The third variable is “netustm” which is interval variable, that shows how much time (in minutes) people spend in Internet, so we can scale it.
## Min. 1st Qu. Median Mean 3rd Qu. Max. NA's
## 0.0 60.0 120.0 185.7 240.0 1320.0 426
To calculate the standard deviation we should get rid of NAs after that it equals 161.7429768
Now let’s look at distribution:
Here we also see right-skewness as in the first variable.
The next variable is ordinal one “pplfair” that shows how people feel about fairness of interaction with others, this variable has following scale: 0 = Most people try to take advantage of me, 1, 2, 3, 4, 5, 6, 7, 8, 9, Most people try to be fair = 10. So let`s see what it looks like:
From this graph we can conclude that in Belgium people think quite good about those who interact with them in a sense of honesty.

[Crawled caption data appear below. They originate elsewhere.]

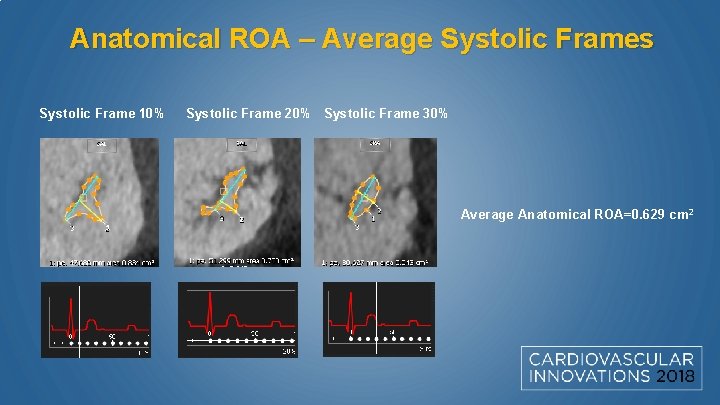 Anatomical ROA – Average Systolic Frames Systolic Frame 10% Systolic Frame 20% Systolic Frame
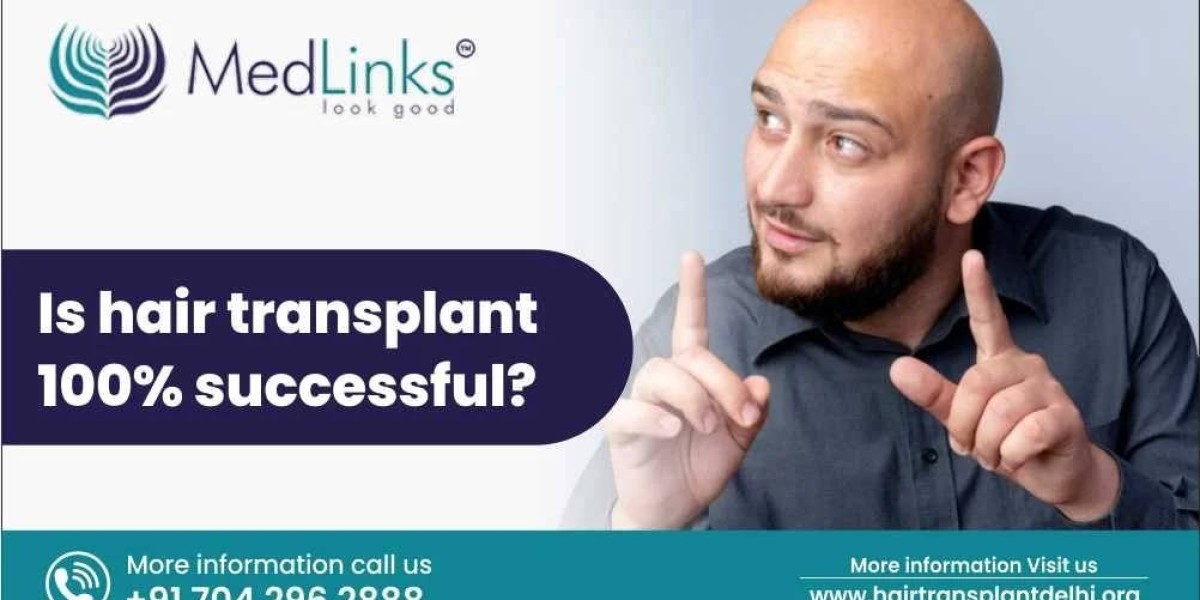 Is Hair Transplant 100% Successful? — Exploring the Truth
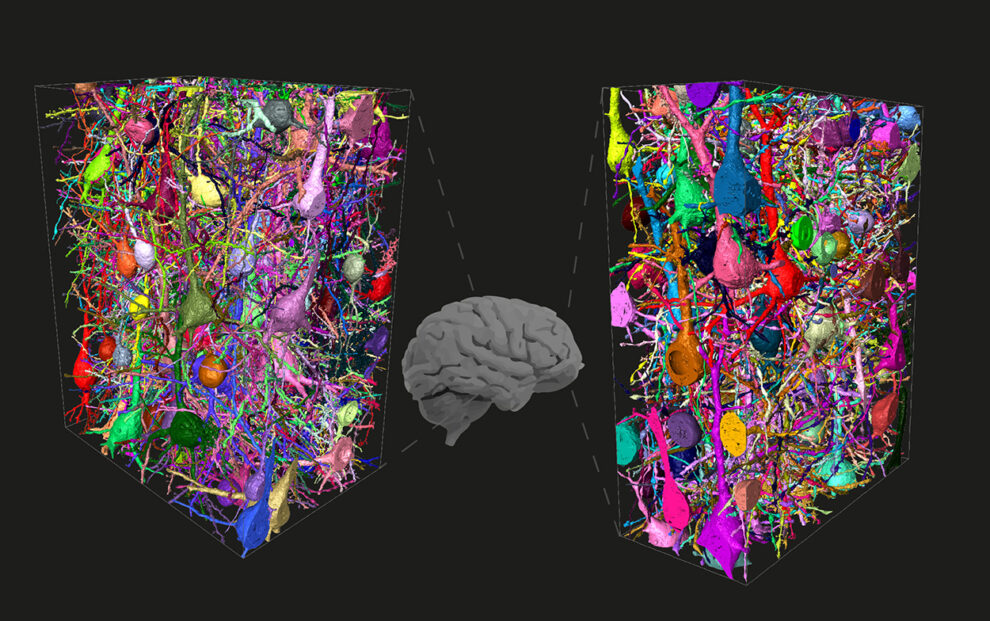 独一无二的人类？平静大脑中的网络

For chi-square test we decided to look closer at how the frequency of Internet usage is distributed between genders. And, firstly, we build a table to see if there are enough observations in general and in each cell.
| Never | Only occasionally | A few times a week | Most days | Every day | |
|---|---|---|---|---|---|
| Male | 115 | 39 | 48 | 88 | 597 |
| Female | 129 | 37 | 57 | 89 | 567 |
The table and each cell have enough observations.

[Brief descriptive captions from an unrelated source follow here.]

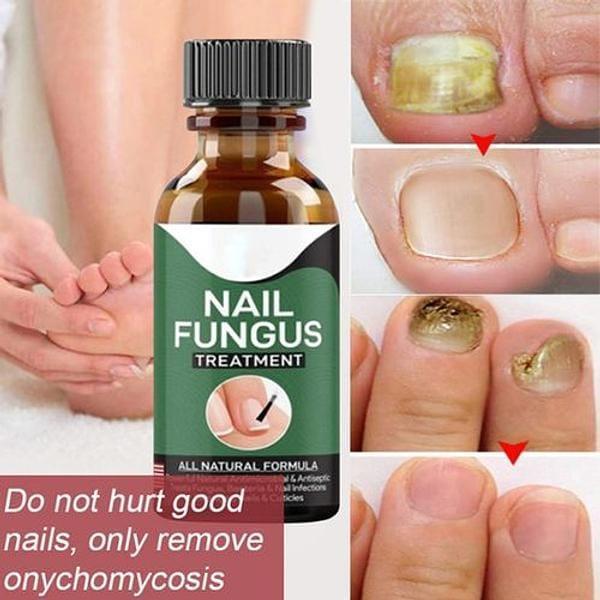 Hypoallergenic Nail Fungus Treatment Serum - 1 Pc for Effective Health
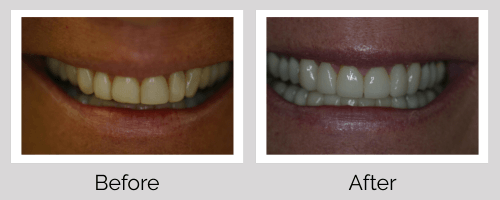 Veneers Before and After - Crown Point Dental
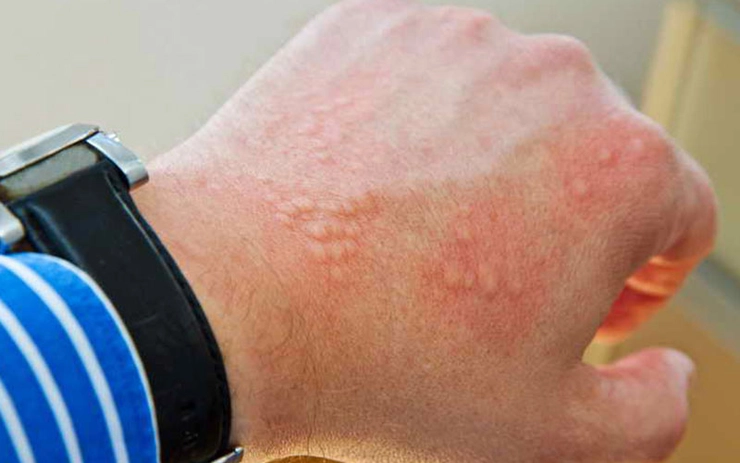 manifestarea alergiei de la frig pe mana unei persoane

H0: The frequency of Internet usage does not depend on gender
H1: The frequency of Internet usage depends on gender
##
## Pearson's Chi-squared test
##
## data: ESS$gndr and ESS$netusoft
## X-squared = 2.37, df = 4, p-value = 0.6681
So, the p-value is more than 0.05, therefore, we cannot reject the null hypothesis. Pearsons residuals show that our observed data deviates from expected values not even by one standard deviation, what also confirms independence of tested features. Finally, we can say that frequency of Internet usage does not depend on gender.
Now we are going to see if there is any difference in time spent on the Internet (variable netustm) between the group of people who estimated other’s fairness (variable pplfair) as low (from 0 to 3 in varible’s scale) and who estimated as high (from 7 to 10), and we also made a group “Neutral” (from 4 to 6), but not for the t-test. We took these varibles because time spent on the Internet partly represents how people are involved in media, whereas people’s etimates of other’s fairness can be a way to describe social trust. Here we will use a t-test to see if there is a statistically significant difference in means between these groups. To apply this test we need to check the assumption of normality of distribution and variance equality.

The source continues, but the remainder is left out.